(LISTED RECORDS)

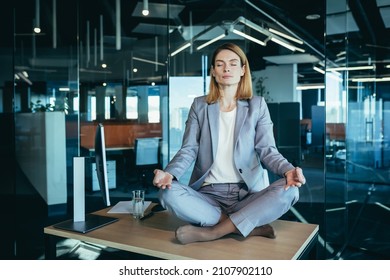 Business Woman Alone Sitting At Desk In Her Office, Female Employee Meditating In Lotus Position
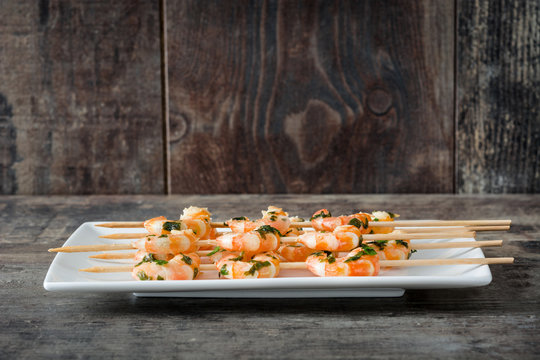 Shrimp skewers on wooden table
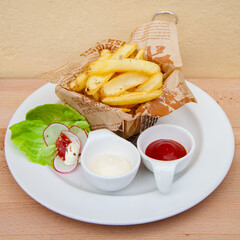 French fries with ketchup and mayonnaise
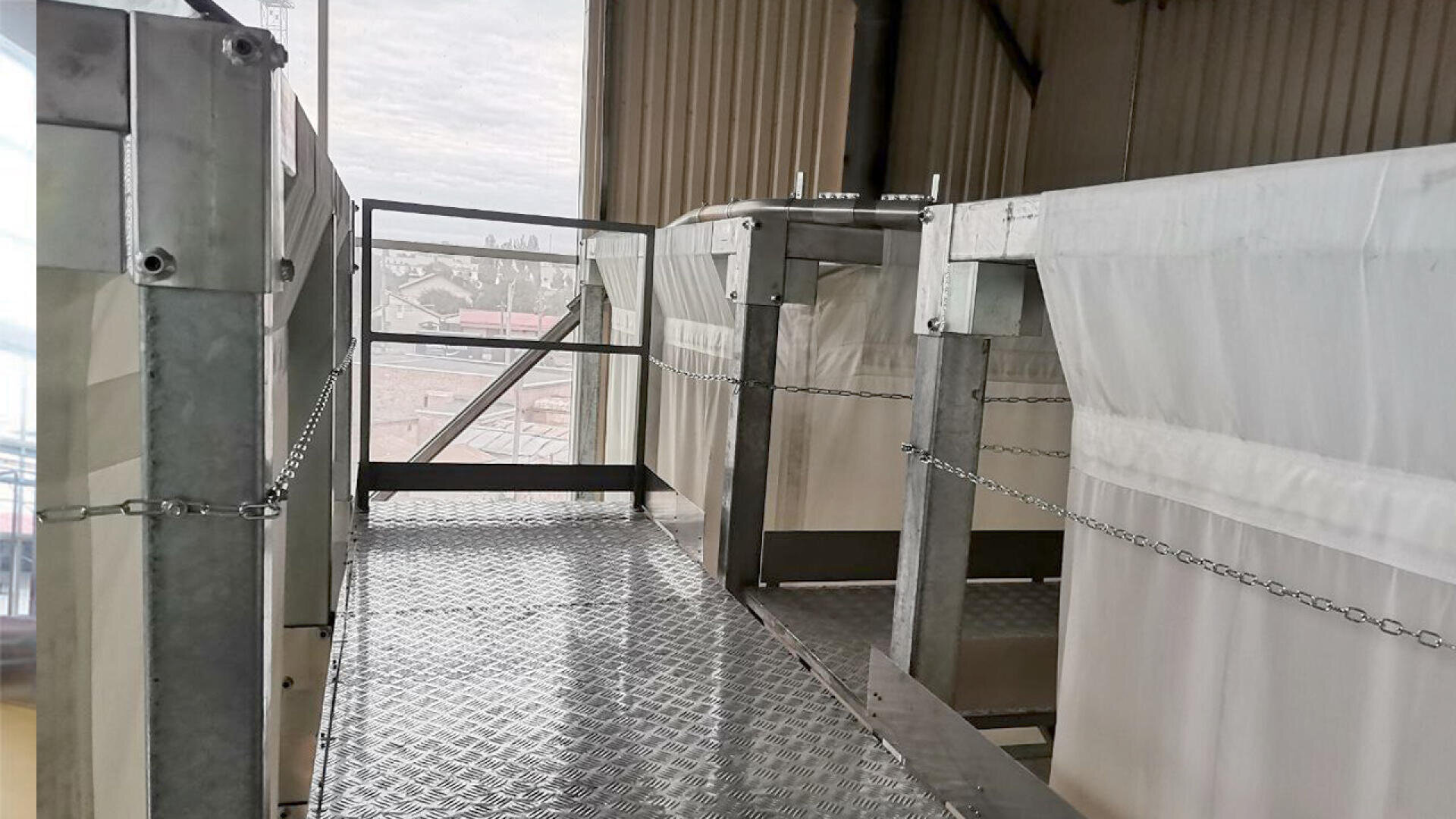 A metal walkway with a diamond plate floor bordered by chains, situated between large industrial tanks or containers, inside a building with windows and corrugated walls.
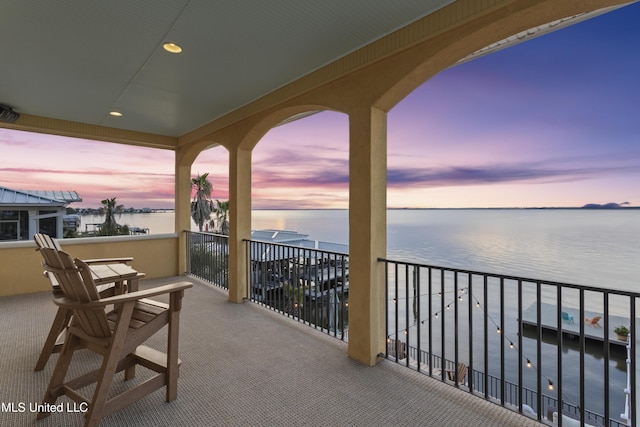 balcony at dusk featuring a water view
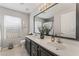 Double vanity bathroom with dark cabinets and large mirror at 11016 Calder Ave, Las Vegas, NV 89144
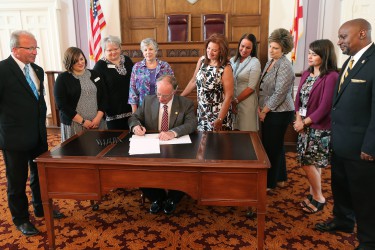 Alabama Governor Robert Bentley signs HB238, Erin's Law, sponsored by state Representative Terri Collins during a ceremonial bill signing in the Old House Chamber at the State Capitol in Montgomery on Tuesday, May 17, 2016. Joining Governor Bentley and Rep. Collins for the signing were members of the Governor’s Task Force on Prevention of Sexual Abuse of Children which suggested the legislation. (Governor's Office, Daniel Sparkman)
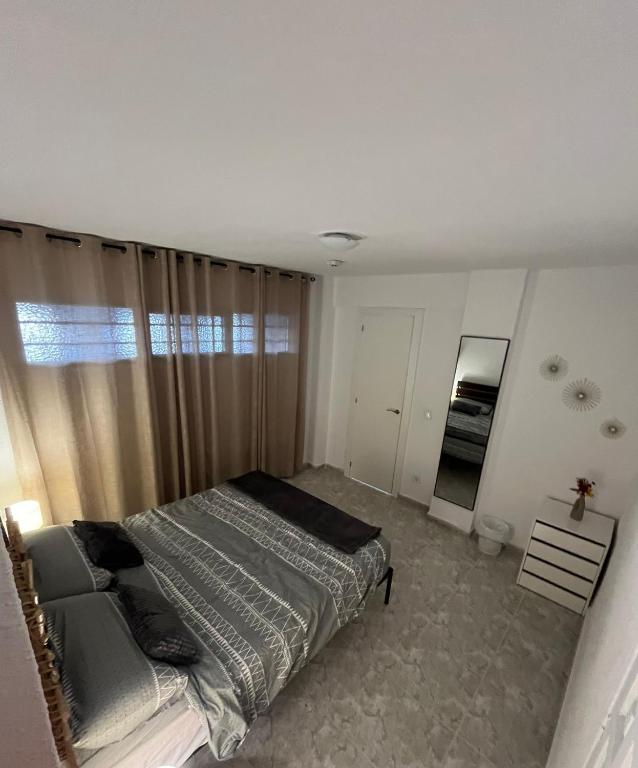 a bedroom with a bed and a large window at Safestay Calpe Seafront - Apartment Atlantico in Calpe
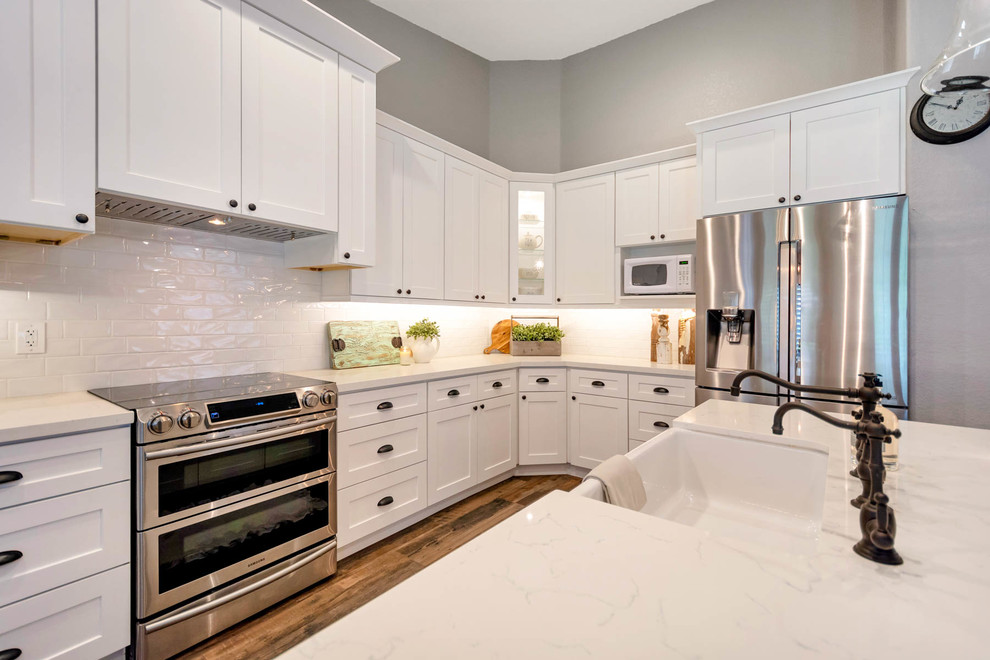 Example of a large farmhouse l-shaped open concept kitchen design in Phoenix with a farmhouse sink, shaker cabinets, white cabinets, quartz countertops, white backsplash, subway tile backsplash, stainless steel appliances, an island and white countertops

(End LISTED RECORDS)

ABOUT THIS TASK:
Your copy should hold every record word for word and none of the pictures.

RESULT BELOW:
 Business Woman Alone Sitting At Desk In Her Office, Female Employee Meditating In Lotus Position
 Shrimp skewers on wooden table
 French fries with ketchup and mayonnaise
 A metal walkway with a diamond plate floor bordered by chains, situated between large industrial tanks or containers, inside a building with windows and corrugated walls.
 balcony at dusk featuring a water view
 Double vanity bathroom with dark cabinets and large mirror at 11016 Calder Ave, Las Vegas, NV 89144
 Alabama Governor Robert Bentley signs HB238, Erin's Law, sponsored by state Representative Terri Collins during a ceremonial bill signing in the Old House Chamber at the State Capitol in Montgomery on Tuesday, May 17, 2016. Joining Governor Bentley and Rep. Collins for the signing were members of the Governor’s Task Force on Prevention of Sexual Abuse of Children which suggested the legislation. (Governor's Office, Daniel Sparkman)
 a bedroom with a bed and a large window at Safestay Calpe Seafront - Apartment Atlantico in Calpe
 Example of a large farmhouse l-shaped open concept kitchen design in Phoenix with a farmhouse sink, shaker cabinets, white cabinets, quartz countertops, white backsplash, subway tile backsplash, stainless steel appliances, an island and white countertops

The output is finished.